Critica politica con limiti

Pubblicato il 17 settembre 2016

Il diritto di critica, anche politica, non può manifestarsi attraverso affermazioni gratuite, lesive della personalità professionale di soggetti esercenti attività di informazione, attraverso l’attribuzione agli stessi di finalità di tipo personalistico a cui piegare la conduzione di un servizio giornalistico, prescindendo da ogni argomentazione a sostegno di tali affermazioni ed attribuendo malafede e disonestà intellettuale semplicemente per la non condivisione del servizio stesso.

Lo ha affermato la Corte di Cassazione, quinta sezione penale, rigettando il ricorso di una donna, condannata per diffamazione per aver, in qualità di sindaco di una città, divulgato alla stampa il testo di alcune lettere contenenti espressioni ripetutamente offensive della reputazione dei direttori di un servizio giornalistico.

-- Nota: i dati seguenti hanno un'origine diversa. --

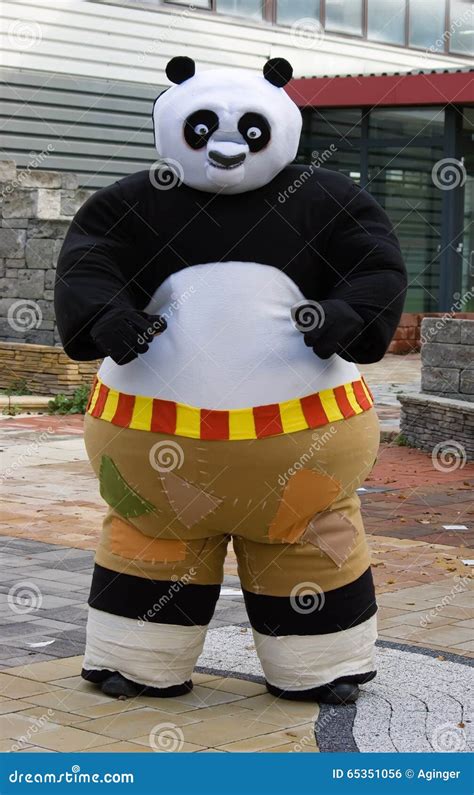 Man in a Kung Fu Panda Cosplay Editorial Photo - Image of 17th, outfit ...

Diffamazione Elemento soggettivo

L’ errore sulla veridicità dei fatti o sulla correttezza dei giudizi oggetto della condotta incriminata – secondo gli ermellini – non esclude il dolo richiesto dalla norma qui contestata, non ricadendo sugli elementi costitutivi della fattispecie e potendo il reato essere consumato anche divulgando la verità.

Ai fini dell’elemento soggettivo, è sufficiente la consapevolezza di formulare giudizi oggettivamente lesivi della reputazione altrui. E nel caso di specie – conclude la Corte con sentenza n. 38311 del 15 settembre 2016 - appare evidente come il ruolo rivestito dalla ricorrente e la sua veste di amministratrice locale, fossero dimostrative di competenza e capacità a calibrare e dosare la terminologia, dunque della sua piena consapevolezza sul carattere oggettivamente lesivo delle frasi formulate.